What is being asked: Repeat, word for word and with nothing added, each line from the one containing "Appartement 3 Bedroom, Heated" to the final line of the data, keeping both ends. Pictures are not part of the copy.

Collected material:
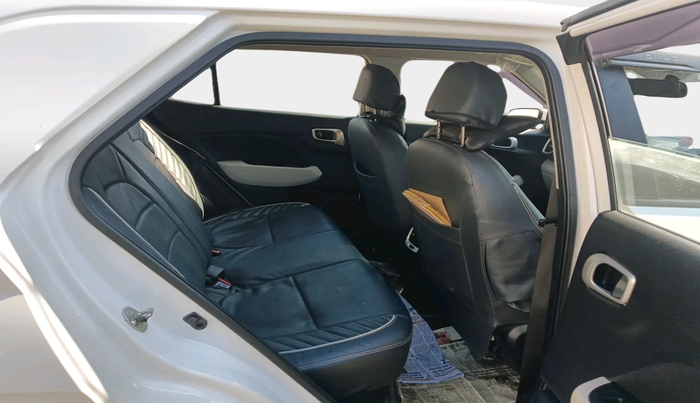 2023 Hyundai VENUE S PLUS 1.5 CRDI, Diesel, Manual, 75,457 km, interior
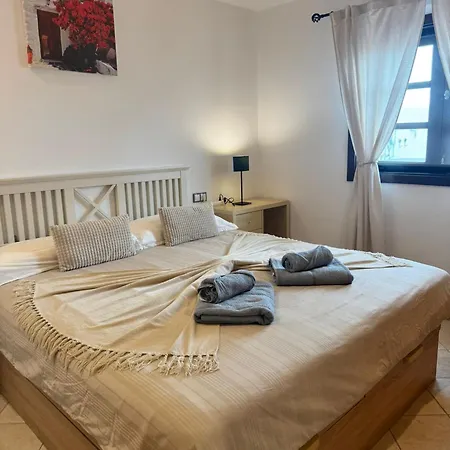 Appartement 3 Bedroom, Heated Pool, Free Parking *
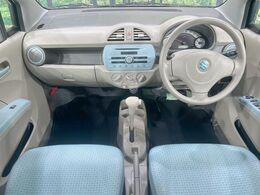 グループ総在庫数約30，000台！！全国の系列店からメーカー・車種問わずご紹介出来るので、あなたにピッタリのお車が見つかるはずです♪まずはお問い合わせ下さい☆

Solution to this exercise:
 Appartement 3 Bedroom, Heated Pool, Free Parking *
 グループ総在庫数約30，000台！！全国の系列店からメーカー・車種問わずご紹介出来るので、あなたにピッタリのお車が見つかるはずです♪まずはお問い合わせ下さい☆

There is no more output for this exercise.